# Excerpted data:
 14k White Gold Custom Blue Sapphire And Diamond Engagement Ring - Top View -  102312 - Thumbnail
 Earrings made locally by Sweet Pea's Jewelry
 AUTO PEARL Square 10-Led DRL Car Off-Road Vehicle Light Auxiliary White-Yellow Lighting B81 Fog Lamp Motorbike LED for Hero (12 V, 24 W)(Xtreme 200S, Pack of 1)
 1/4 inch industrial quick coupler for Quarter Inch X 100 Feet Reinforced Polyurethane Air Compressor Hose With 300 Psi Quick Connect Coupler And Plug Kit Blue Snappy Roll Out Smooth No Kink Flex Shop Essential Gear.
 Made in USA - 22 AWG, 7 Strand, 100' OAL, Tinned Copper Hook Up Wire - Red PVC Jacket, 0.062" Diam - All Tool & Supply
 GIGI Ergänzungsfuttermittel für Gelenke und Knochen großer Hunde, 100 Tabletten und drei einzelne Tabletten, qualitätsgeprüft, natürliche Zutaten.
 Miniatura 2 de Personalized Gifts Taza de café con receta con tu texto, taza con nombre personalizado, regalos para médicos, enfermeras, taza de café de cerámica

* * *

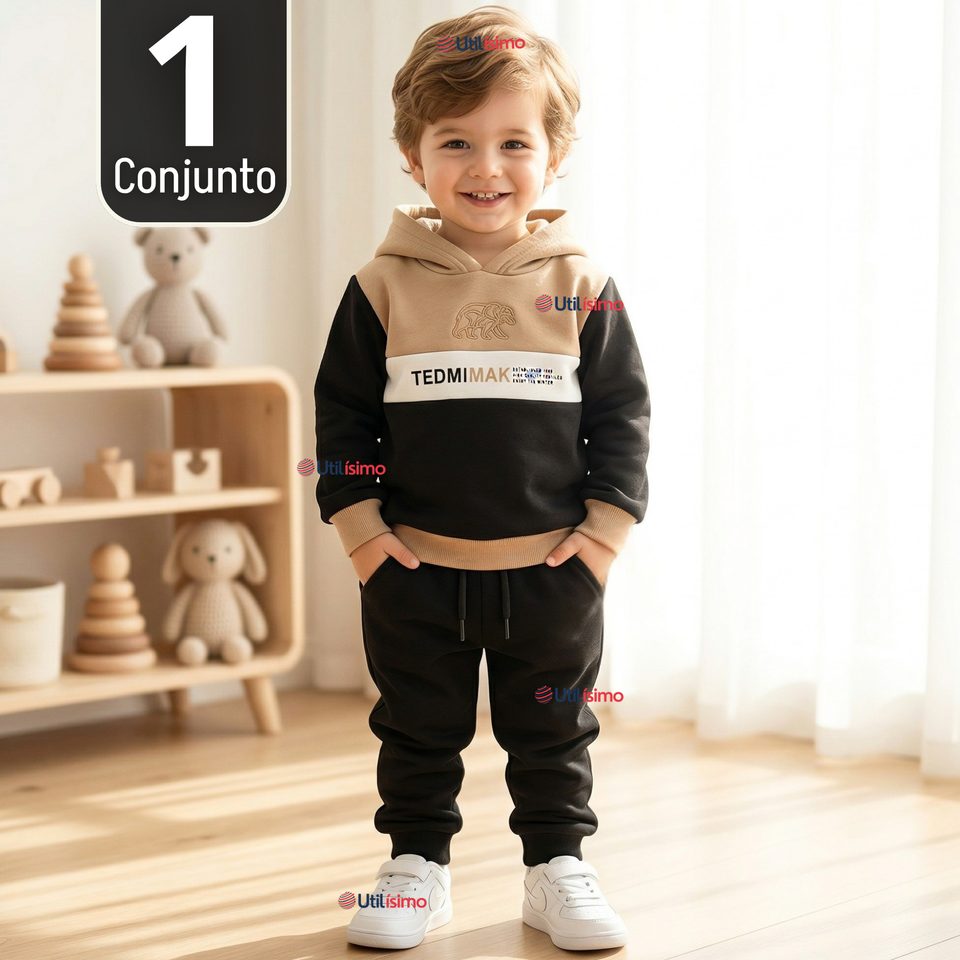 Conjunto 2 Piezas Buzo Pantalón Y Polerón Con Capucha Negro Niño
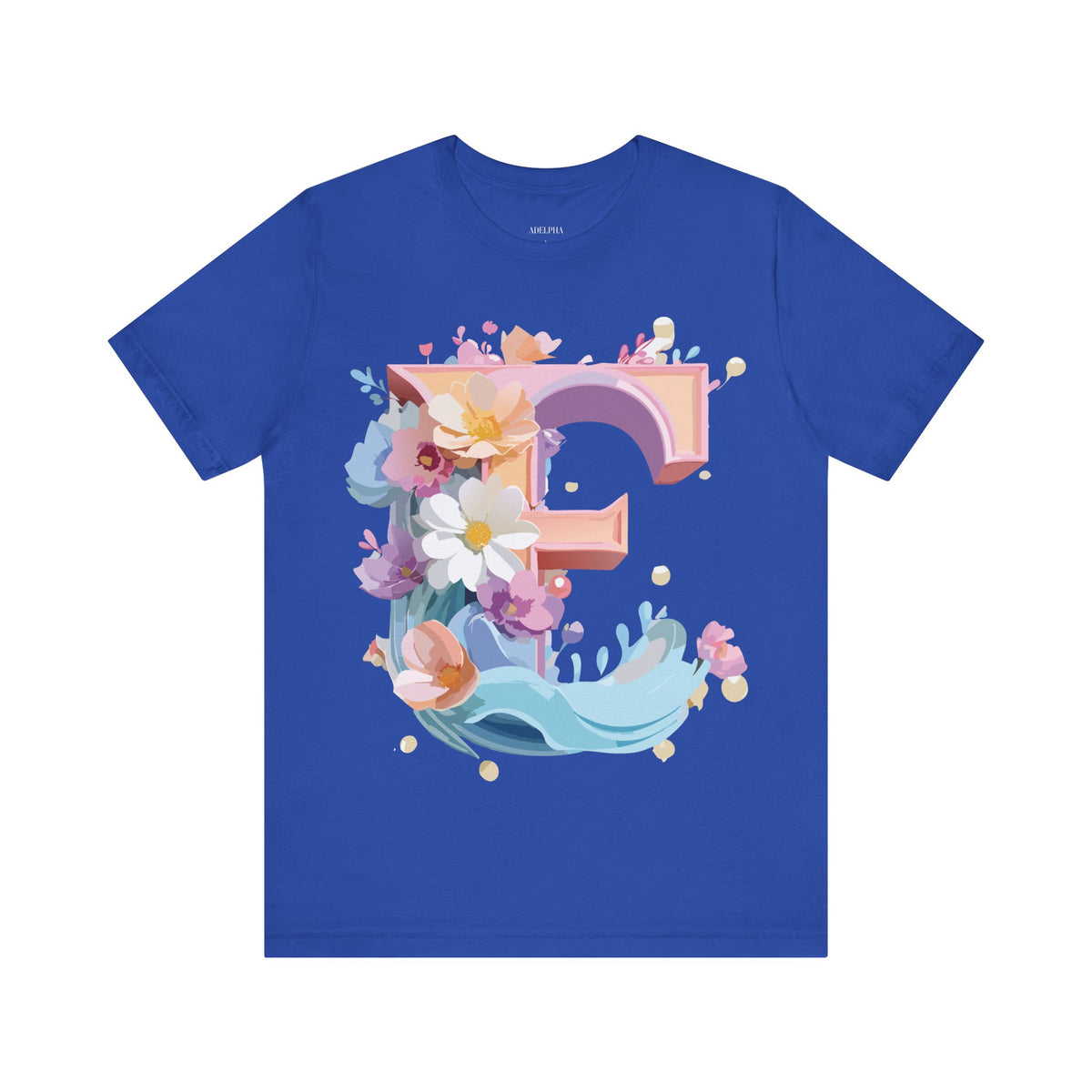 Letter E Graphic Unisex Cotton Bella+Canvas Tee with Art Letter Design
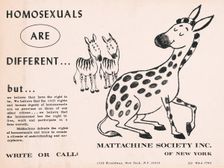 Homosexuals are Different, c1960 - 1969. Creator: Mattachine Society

# Exercise brief:
Above are records with pictures. Reproduce exactly only the lines from the line with "Letter E Graphic" through the line with "Homosexuals are Different, c1960", both ends included, and leave the pictures out.

# Written reply:
 Letter E Graphic Unisex Cotton Bella+Canvas Tee with Art Letter Design
 Homosexuals are Different, c1960 - 1969. Creator: Mattachine Society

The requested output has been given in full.